El derviche es pues una persona ordinaria con alguna
cosa de más. Viviendo en el mundo pero esforzándose
por no dejarse llevar por él, el discípulo
se mantiene en cada instante, en su interior, firmemente
enraizado en la Presencia Divina. Cuando hablamos de
pobreza espiritual, lo que cuenta no es lo que uno posee
sino la huella que dejan las cosas sobre nosotros. Cuando
hablamos de actividad es más importante la intención
de los actos y el espíritu con que han sido realizados
que ellos por sí mismos. Y cuando hablamos de
contemplación se sale de éste mundo material
para acceder a otra dimensión, la del mundo del
misterio y el espíritu.
Es
desde esta óptica desde la cual el discípulo
podrá realizar un verdadero trabajo espiritual.

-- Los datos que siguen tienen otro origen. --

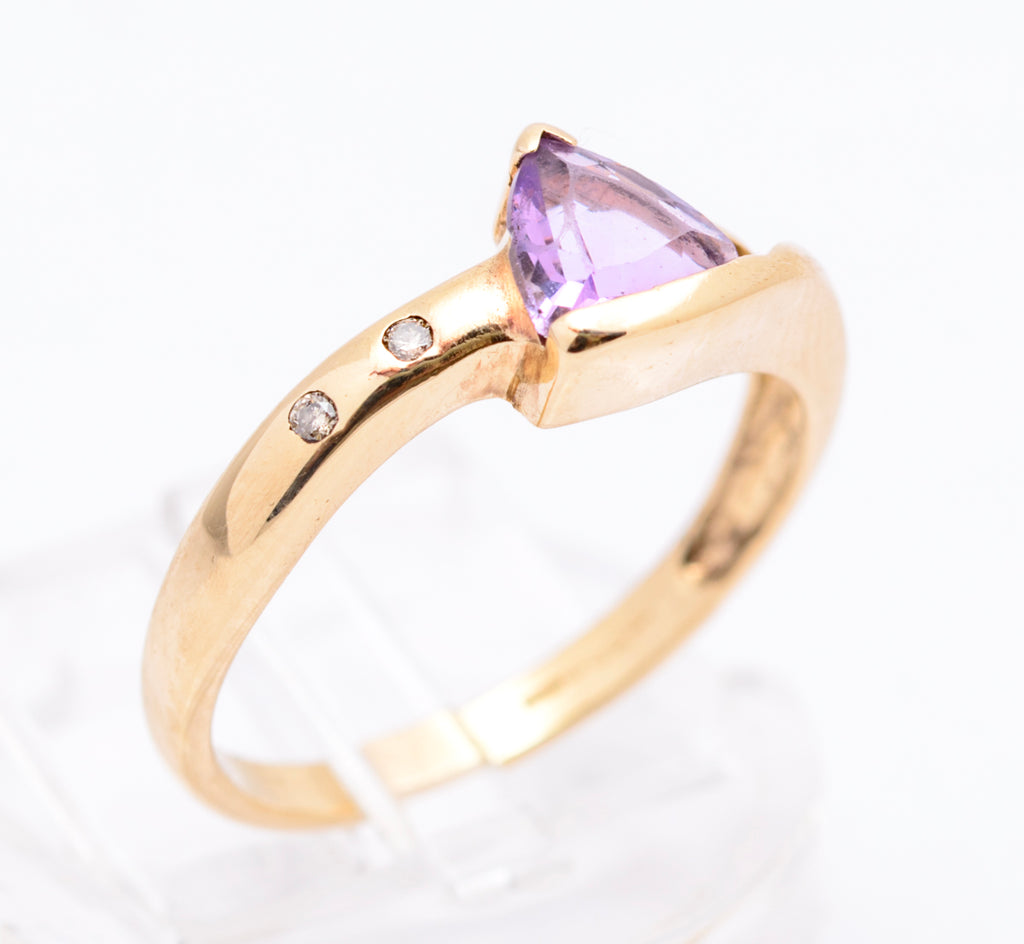 Vintage 9ct Yellow Gold Ring With Trilliant Cut Amethyst & Natural Diamonds UK Size O1/2 (A2093)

Como ya hemos visto anteriormente aquello que va a hacer
cambiar nuestra relación con el mundo no van
a ser los intentos de modificarlo sino, más bien,
la percepción del mismo. Para realizar este trabajo
necesitamos exponer nuestro corazón a los efluvios
espirituales que vienen a nutrirlo y purificarlo. La
concentración progresiva del conjunto de nuestro
ser sobre la percepción del corazón nos
ofrecerá las oberturas y los estados que nos
llevaran a seguir el camino.
Ya
hemos hablado de la disciplina que implica el respeto
de la sharia; con ella le recordamos al ego que no es
nuestro único maestro sino que, contrariamente
a lo que piensa, es Dios el que tiene las riendas de
nuestra existencia.
El ritual de las cinco plegarias diarias nos permite
adquirir una conciencia cada vez más profunda
del tiempo cósmico en el cual vivimos y, paralelamente,
nos ofrece la posibilidad de suspender el curso del
tiempo para detenernos y reencontrarnos.
El ayuno de Ramadán nos recuerda la total dependencia
corporal respecto a nuestro Creador.
La limosna nos enseña a desapegarnos de los bienes
materiales y a valorar la gracia que supone poder disponer
de algo para ofrecer.
Y el peregrinaje es como una muerte iniciatica, un símbolo
de este camino de vuelta hacia Aquél con el que
estamos ligados desde siempre.
Hemos
visto también que el dhikr, ya sea individual
o colectivo, es el alimento del corazón, es decir,
la que nos va a permitir de hacerlo crecer y desarrollarse.
Verdadera contemplación, es el lazo de unión
con nuestro Guía y el canal que él utiliza
para transmitirnos su educación. Él es
la fuente del conocimiento y de los estados espirituales.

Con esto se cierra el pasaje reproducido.